Eska Rock często towarzyszyła nam w trasie – tam gdzie dało się ją złapać. Ale nie tylko. W domu także poranki przed wyjściem do pracy spędzaliśmy w jej towarzystwie. Poranne WueFy szybko stały się elementem codziennego rytuału. Także wieczorami, gdy odpalaliśmy Battlefielda, często w tle leciało sobie radyjko. Wiedziałem we wtorki kiedy nadchodzi godzina 22. Bo wtedy w Sanatorium leciała Metallica. Taki rytuał.

Ale to nie jedyne ciekawe audycje. Socjal, NRD, Radar, Poduszkowiec. Masa godzin spędzona na słuchaniu. Masa miło spędzonych godzin.

Niestety, wydawca zdecydował, że dość tego dobrego. Z radia odeszły osoby bardzo charakterystyczne dla niego. Oczywiście krzywdą dla pozostałej ekipy byłoby stwierdzenie, że „bez nich nie ma radia”. Ale na pewno wiele straciło. Bo Eska Rock to coś więcej niż muzyka. Wokół niej wytworzyła się genialna społeczność. Niesamowity kontakt między prowadzącymi a słuchaczami.

Dzwonienie do słuchaczy było na porządku dziennym. Rozmowy na antenie, żarty, przekomarzania. Do tego dochodziły maile, kontakt na fejsie. Prowadzący byli po prostu niezwykle charyzmatycznymi i świetnymi postaciami. Chciało się ich słuchać. Pamiętam też, jak śpiewali na antenie. Właściwie raczej powinienem napisać – „śpiewali”. Przeżycie niezapomniane.

2 grudnia Eska Rock przestała nadawać na pasmach ogólnokrajowych. Pozostała dostępna dla mieszkańców Warszawy. Oraz w internecie. W ostatni dzień nadawania, w ostatnich godzinach, wydarzyła się magia. Przegenialnie przygotowana playlista, którą prezenterzy „żegnali się” ze swoimi słuchaczami. A do tego ludzie na fejsie, którzy wrzucali zdjęcia swoich radioodbiorników. Jako podziękowanie za wspólnie spędzone lata.

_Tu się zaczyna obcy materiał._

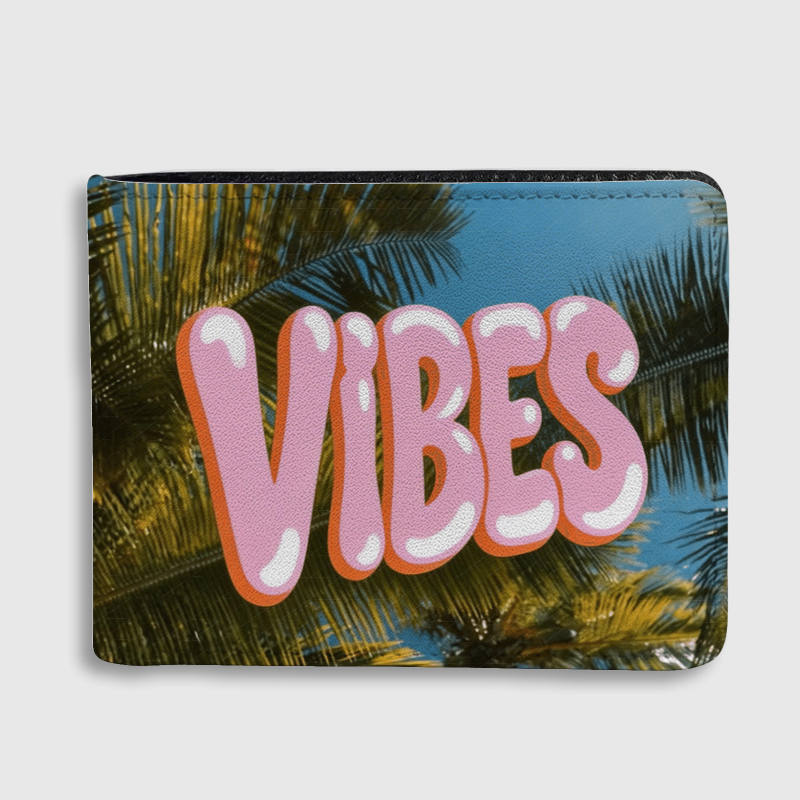 Summer Palm Vibes Bifold Wallet for Daily Travel Beach Use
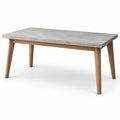 Esstisch mit Betonoptik und Eichenholzbeinen 180cm x 90cm x 75cm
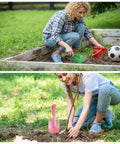 Woman gardening with 50 Piece Mini Colorful Metal Hand Shovels Set For Gardening Tiny Trowels Dope Digging Planting Transplanting And Soil Work Five Color Assortment Red Yellow Pink Blue Green For Women Men Kids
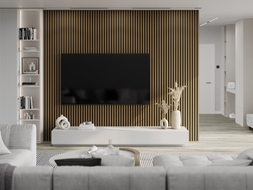 Mexen Lam-F akustische Wandpaneele 275 x 30 cm, Filz 8 mm, technisches Furnier, Goldene Teak - S105-275307-3015-014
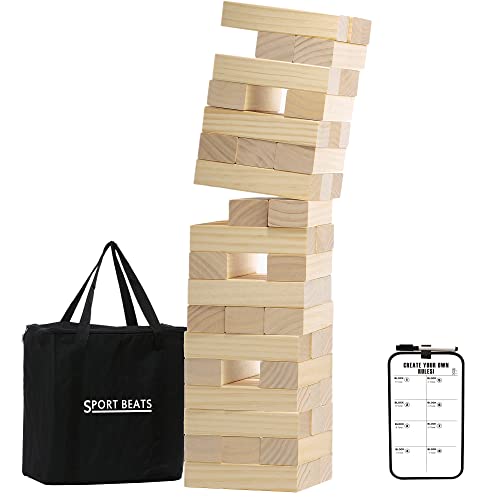 SPORT BEATS Medium Tower Game Outdoor Games 54 Blocks Stacking Game Includes Carry Bag and Scoreboard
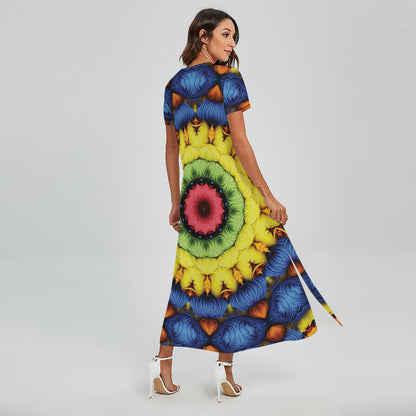 Colorful Kaleidoscope Print Short Sleeve Maxi Dress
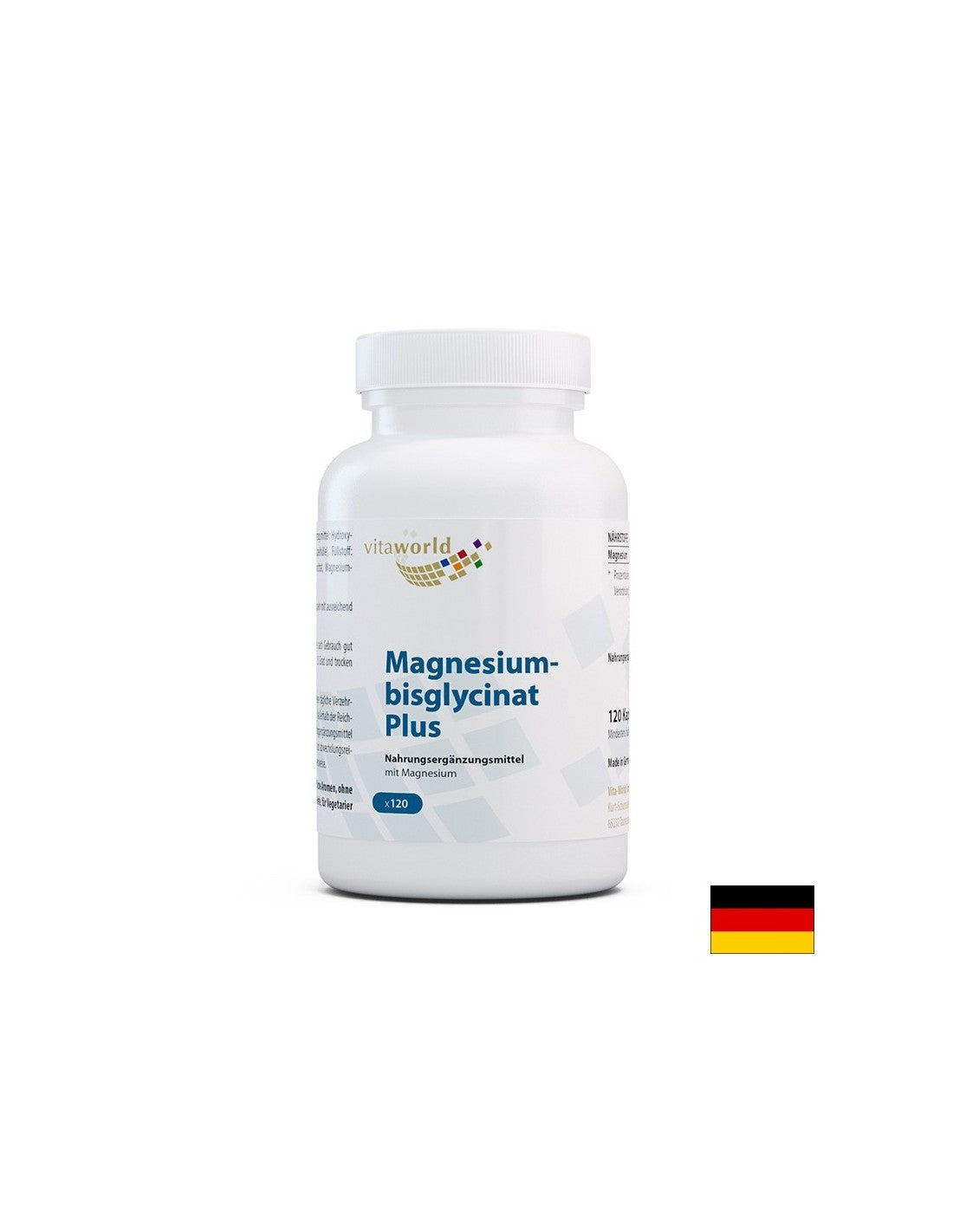 Bisglicinat de magneziu Plus - functia musculara si cardiaca, 120 capsule
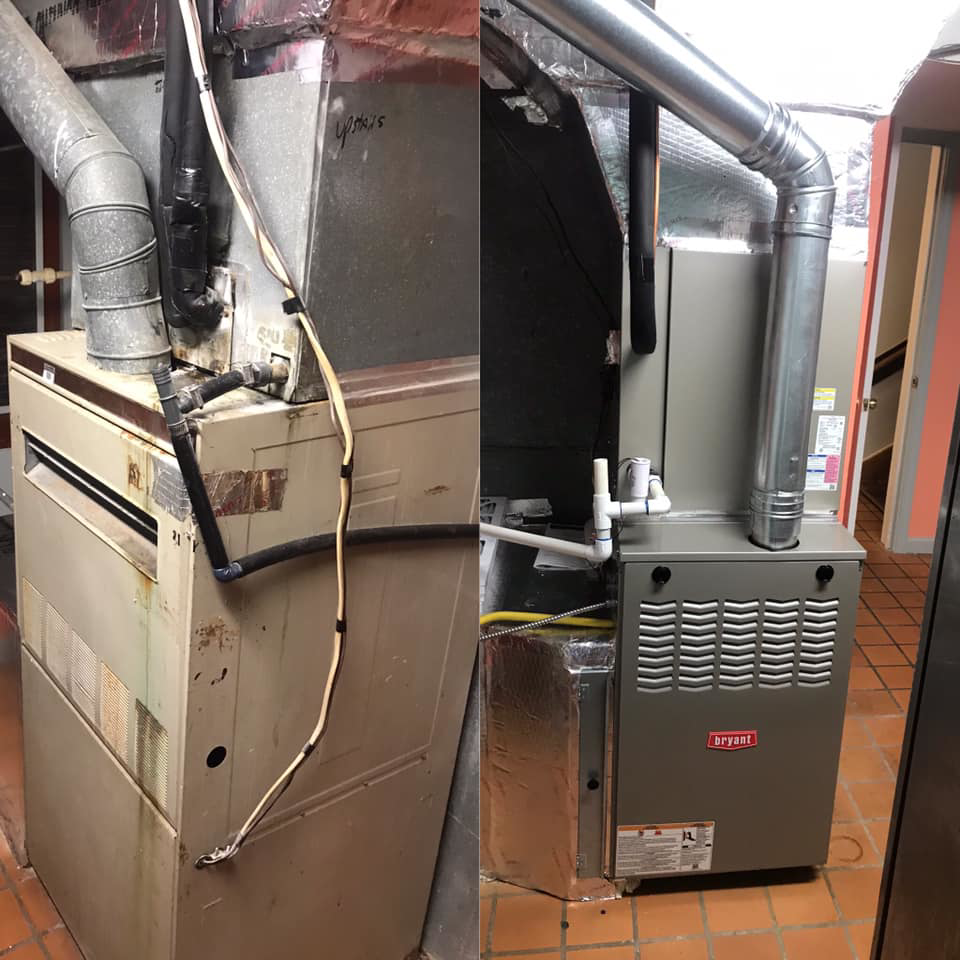 Before and after comparison of an indoor furnace replacement by Frye Air Services in Mobile, AL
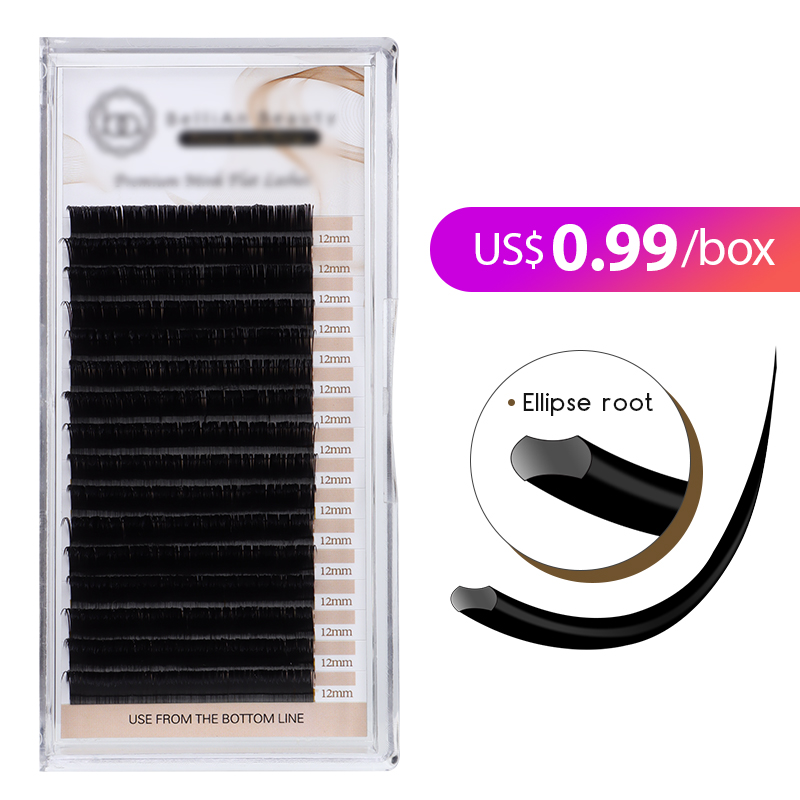 0.99$ Free Shipping Las Extension Supplies Smink Ellipse Flat Individual Korean Eyelash Extension Volume Cilios Lashextensions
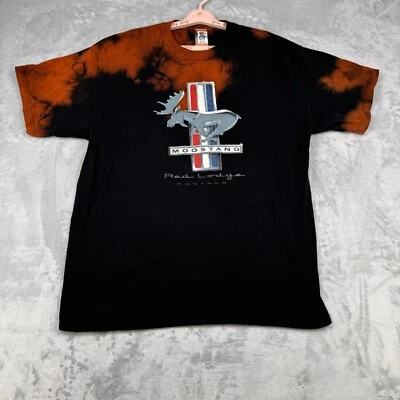 Duck Co Moostang Shirt Men XL Tie-Dye Black Orange Lodge Montana Graphic Tee - Image 1 of 4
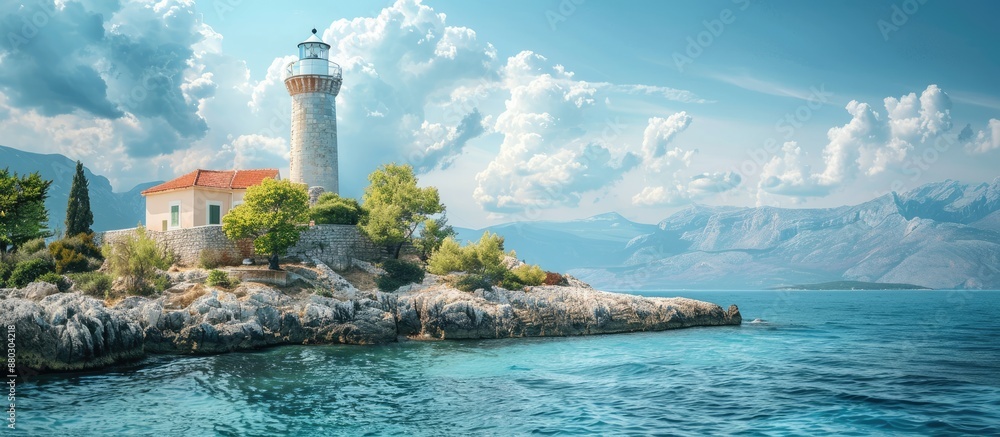 Poster a scenic mediterranean view featuring a lighthouse on an island with copy space image.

Szkoda też Vox FM, stacji która przejęła pasma Eski. Bo z tego co zrozumiałem, do tej pory leciała tam muzyka starszej daty. I radio miało swoich sympatyków. Tymczasem postanowiono zmienić ramówkę i postawić na disco polo. Dezorientację sporej liczby słuchaczy można zobaczyć choćby na fejsie. A do tego dokłada się „niechęć” części zawiedzionych słuchaczy Eski, którzy tam wylewają swoje żale. Tylko co Vox winne decyzjom debili? Żeby było jeszcze ciekawiej, wiele wskazuje na to, że warszawska Eska Rock ma przejąć rolę społeczno-religijną dawnego Vox FM. Cokolwiek by to nie znaczyło.

Eska Rock zrobiło coś, co niewielu się udaje. Stworzyło swoją społeczność, ludzi pozytywnie zakręconych, lubiących nieco mniej popularną muzykę. Dzięki za wspólnie spędzony czas. Tak, wiem, w internecie jest dalej. Ale to już nie to samo – z różnych względów. Także sentymentalnych. Mam jednak nadzieję, że jeszcze się usłyszymy.